Bluewater graft: How police extort fishermen in Lake Victoria
By Isaiah Gwengi
| July 22nd 2021
James Onyango stares blankly at the waters while leaning on his wooden boat at a beach in Lake Victoria.
The 30-year-old fisherman feels betrayed. Fishing has been his source of livelihood for five years, but it has recently turned into a nightmare and an unattractive business.
Onyango is among the 18 fishermen who were released on Sunday after spending two days in Ugandan police cells.
“Things have changed. We are being arrested every day and our boats, fish and gear confiscated by Ugandan authorities,” says Joshua Ochieng, Onyango’s compatriot.
The lake has been a source of livelihood for many for decades, but now almost every fisherman only has a sad story – police harassment, arbitrary arrests and detention, extortion and dwindling fish stocks.
“Hippos and crocodiles used to be our greatest enemies, but now Ugandan authorities have become more dangerous,” says Ochieng.
So far, hundreds of fishermen have been arrested by Ugandan security officials, tortured, detained and made to part with huge amounts of money for allegedly trespassing into the neighbour’s side of the waters.
The Standard has established that some of these arrests are not only illegal, but are stage managed by rogue Ugandan officers in collaboration with their Kenyan counterparts.
Multiple sources describe the arrests in the lake as a huge money minting industry, as cartels stage manage them and demand kickbacks and fines.
The extortion ring is controlled by rogue police officers, money transfer agents, fisheries officials, traders, beach management officials and revenue officers.
The fishermen say the extortionists take advantage of the fact that Kenyan police officers are ill-quipped and cannot conduct patrols on the lake, giving them an opportunity to run a thriving illicit enterprise.
While the East African Community Treaty allows free movement of goods and traders across the three countries – Kenya, Uganda and Tanzania – including Lake Victoria, this has not stopped Ugandan authorities from destroying boats and other fishing gear belonging to Kenyans.
Fredrick Odhiambo, a fisherman from Mahanga beach, narrates how they were arrested and taken to Sigulu Island where they stayed for three days before being released upon payment of Sh40,000 to the Ugandan authorities.
“We were lucky to have not been forced to eat raw fish but I was charged with trespassing into the Ugandan waters,” Odhiambo says.
The incident happened a week after Odhiambo had spent another Sh30,000 to have one of his boats released from Hama Island.
He was forced to abandon fishing. Since then life has become cruel as he can no longer fend for his family.
“I used to earn good income from fishing. Putting food on the table was not a problem. I was able to send four of my children to secondary school,” says Odhiambo.

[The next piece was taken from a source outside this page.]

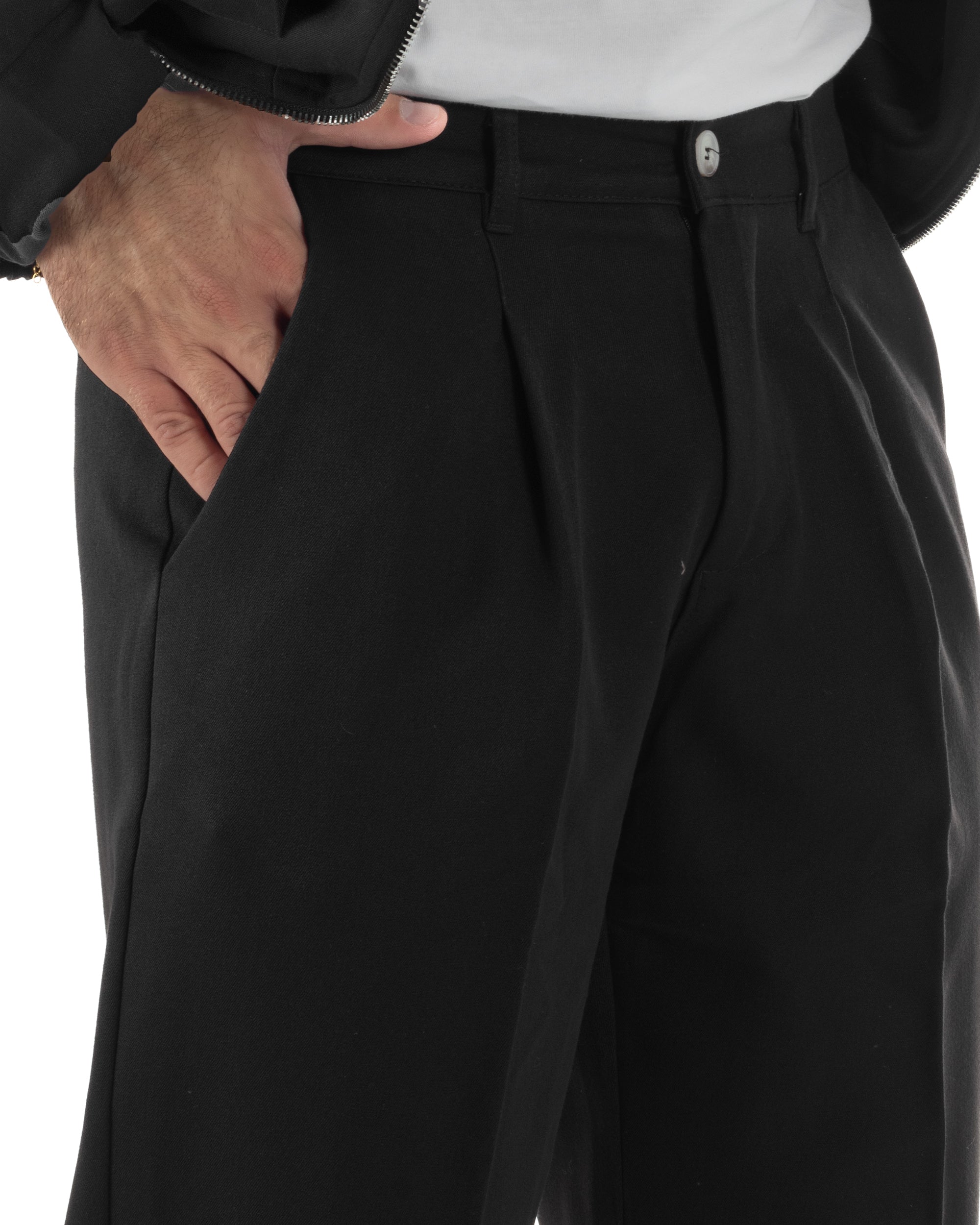 Coordinato Uomo Viscosa Giacca Boxy Fit Pantaloni Con Pinces Nero OU2542A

On April 31, six boats from Mahanga beach were confiscated and fishermen fined Sh40,000 each. Between May 15 and June 15, at least 13 boats were confiscated and for each a fine Sh35,000 paid.
“We’ve lost more than Sh2 million from last year due to fabricated charges and fines by the Ugandan authorities,” says Calvins Ouma, a fisherman at Mahanga beach.
Apart from the arrests and detention, the rogue officers and their agents now demand monthly protection fees from the fishermen.
The extortionists maintain a database of all boats operating in the lake, including the name of the boat, its colour, owner’s name and beach of origin.
When circumstances demand, they also issue registration plates for easy identification of the boats.
“They call boat owners, informing them of the amount of money they are required to pay every month. This is where the real extortion starts, as your boat(s) will be constantly arrested if you fail to comply,” says Peter Oluoch, a victim.
The fishermen say the extortion is more pronounced at Hama Island, which has been an unofficial toll station for Uganda Revenue Authority (URA) officers who accuse Kenyan fishermen of using illegal fishing gear or trespass.
Once the money has been paid, a note indicating the nature of the offence and the amount of fine is issued.
URA officer in charge of Sigulu Island Joseph Okello, however, denied the extortion claims.
“There is a group of fishermen who have been engaging in shoddy dealings. Our work is to ensure that regulations on revenue collection are followed and not harass fishermen,” said Okello.
Ochieng says they have been suffering due to lack of an established security system in the Kenyan waters of Lake Victoria.
Maxwell Ogolla, a fisherman at Sori beach, Migori County, says they have little faith in the police because they are part of the extortion ring.
“We no longer trust our police officers because we are sometimes robbed under their watch,” says Ogolla.
Siaya County Commissioner Mohammed Barre agrees that the situation is alarming.
“Government policies keep on changing but we can assure you that issues of insecurity in the lake will be addressed,” said Barre.
Two years ago, Kenya Coast Guard Service was established to replace Rural Border Patrol Unit in a bid to deal with cross-border crimes.
According to Bondo MP Gideon Ochanda, security officials have not provided escort for the fishermen.